After all networked smartphones and computers were placed under control of the regime, resistance hackers relied on microcontrollers harvested from ordinary household devices like smart lamps and vape pens to slowly rebuild the covert but resilient mesh internetwork that became known as FreeNet.
When I think of what's out there I think of cheapy ARMs, maybe STM32 knock offs. Honestly the F103C8T6 is so prolific that's probably a solid chunk of all processors in existence. And then things like ESP32s. So to not see ARM or Tenscillica on there is a bit weird. But maybe I'm reading too much into it and it's more of a thought experiment
Looking at that list, collapse OS seems to cater to 8-bit only. It’s also aimes at “ built from scavenged parts” boards. I’ve often come across Hitachi h8, Blackfin, PIC, avr, the occasional ARM and other controllers in the wild. But they all have one thing in common: the flash is locked and inaccessible without some jtag tools. The only times you’ll see external flash (winbond & co) is with an fpga or a controller who’s had his otp memory configured with a bootloader.
I often re-purpose scavenged board because of their useful layout, but only after swapping the controller for a programmable one.
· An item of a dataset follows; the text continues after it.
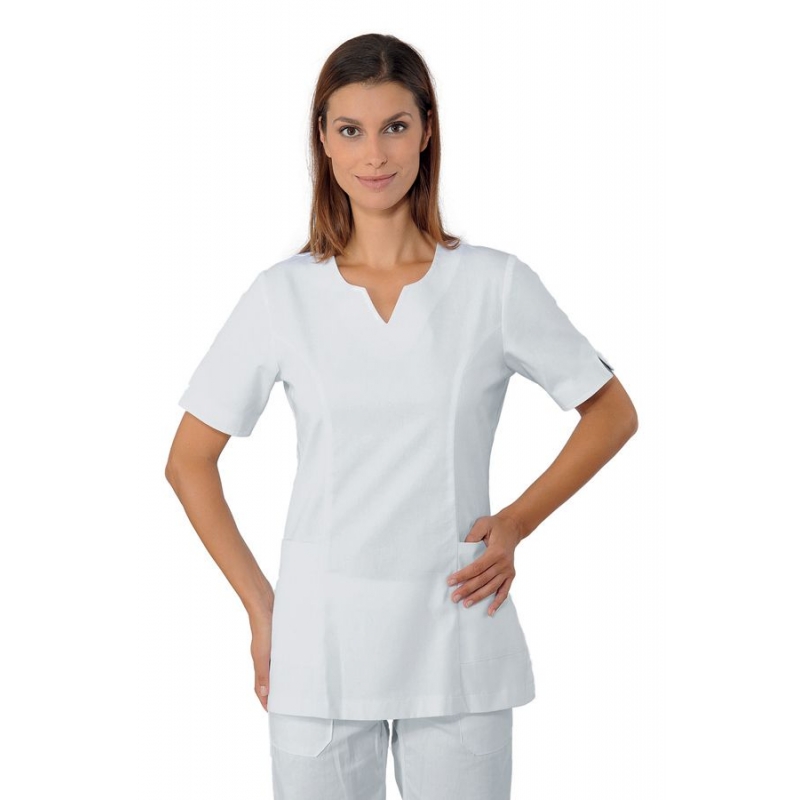Tunique Médicale Femme Col Goutte d'eau Tiffany Blanc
The notion of scavenging the controllers themselves… far less practical as you think.
The iot devices are hacked on the application layer. You have a controller running some linux distro and you work your way in over tty/telnet/eth. That’s an entirely different ballgame than repurposing 8-bit avr or 32-bit STM microcontrollers.
Someone write a novel please. Not sure who will be more appropriate: Stross (more fun?), Stephenson (more of a slog through the first 600 pages, then an abrupt 180 and frenetic action in the last 100 with newly introduced, yet game-changing characters?).
> Stephenson (more of a slog through the first 600 pages, then an abrupt 180 and frenetic action in the last 100 with newly introduced, yet game-changing characters?).
With the six pages in the middle where he may as well say "Right, I had to learn a lot of algebra for compiler optimisation to make this bit work, so now you get to learn it too"
Agreed on the ridiculous page counts, but I don't find Stephenson's pages a slog. Exhausting, maybe. There's a lot going on. But he makes me laugh. I'd like to meet that guy.
It's not the greatest piece of fiction ever written, but Robert Evans of Behind the Bastards podcast has a pretty easy read[1]. It's also offered as a free audiobook read by him as a series of podcasts.
Might not be what you want if you want more technical & hacking versus dystopian capitalism collapse. But he gets bonus points for Texas getting nuked as a lore point.